Le médecin lieutenant-colonel Mamadou Bamba a été le premier à faire sa déposition à la barre. Etudiant en médecine au moment des faits, il est accusé d’avoir servi de guide et d’informateur aux militaires de l’ex-Régiment de la sécurité présidentielle (RSP) pour les interpellations des étudiants. Devant les juges, il a plaidé non coupable. «J’ai été meurtri dans mon âme, dans mon esprit et dans ma chair par les faits dont on m’accuse. C’est avec soulagement que je viens à ce procès parce que ça va me permettre de me décharger de ce fardeau que je porte sur le cœur depuis des années maintenant», a déclaré l’accusé. Il explique qu’au moment des faits, il était le délégué du comité révolutionnaire de l’Université de Ouagadougou, comité qui répondait de l’Union nationale des jeunes du Burkina (UNJB) et dont la mission consistait, à en croire les dires du prévenu, à faire adhérer le maximum d’étudiants au régime révolutionnaire. Ce dernier affirme qu’il était peu favorable aux manifestations de l’ANEB à cette époque. «Moi je leur disais tout le temps que s’ils veulent aller en grève, qu’ils le fassent mais qu’ils laissent ceux qui veulent faire les cours venir à l’école.
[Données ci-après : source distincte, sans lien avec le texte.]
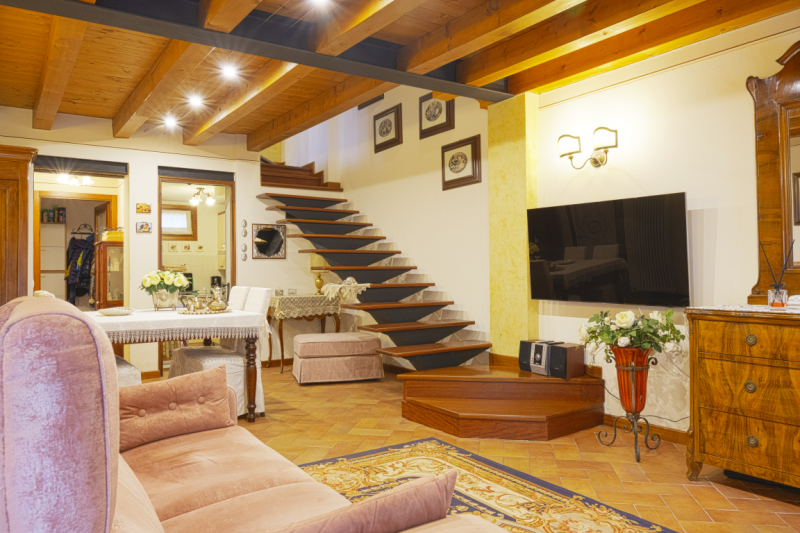 COMPOSIZIONE:
Proponiamo in vendita elegante villetta a schiera, ubicata in una delle vie più rin...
Mais quand tu es un délégué du comité, c’est comme si on avait fait une croix rouge sur toi. Ils ont fait croire aux étudiants que c’est le délégué de comité qui est à l’origine de tous leurs malheurs», confie-t-il. Alors, l’accusé tout remonté met au défi quiconque de pouvoir confirmer que c’est lui qui a donné l’ordre d’arrêter les étudiants. Alors qu’il était étudiant en médecine, Mamadou Bamba a intégré les Forces armées nationales en novembre 1990. Mais, cette intégration ne s’est pas faite de façon ordinaire. L’accusé l’a confirmé lors de son audition. «C’est Roch Marc Christian Kaboré qui m’a aidé en me recommandant au Président Blaise Compaoré», dit-il. L’accusé va plus loin en disant que «pendant que ceux qui avaient passé le test n’avaient pas encore leurs résultats, lui était déjà admis».

Me Farama ne veut pas

du folklore

Il faut noter que 19 dossiers sont inscrits au rôle de la chambre criminelle de la Cour d’appel de Ouagadougou dans sa 3e session, pour le compte de l’année judiciaire 2021-2022, du 19 au 30 septembre 2022 dont les affaires Dabo Boukary et Guiro Ousmane. Pour cette session, il y a 42 accusés, 44 parties civiles, 107 témoins et une trentaine de chefs d’accusation, a indiqué le procureur général, Jean Jacques Ouédraogo. «Nous avons une large palette d’infractions au-delà des dossiers emblématiques qui permettent d’évacuer les dossiers qui étaient-là depuis un bout de temps et qui menaçaient peut-être même de prescription pour certains», a expliqué le procureur général. Me Prosper Farama, avocat des parties civiles a également souhaité que le procès respecte les règles de droit de toutes les parties. «Ce procès ne doit pas être du folklore», a précisé Me Farama. La défense quant à elle, estime que tous les éléments ne sont pas réunis pour le bon déroulement du procès. «Si vous remarquez, il n’y a que des présumés complices qui sont-là. Quand on parle de complicité, les auteurs, où sont-ils ?», s’interroge Me Mathieu Somé, avocat de Gilbert Diendéré.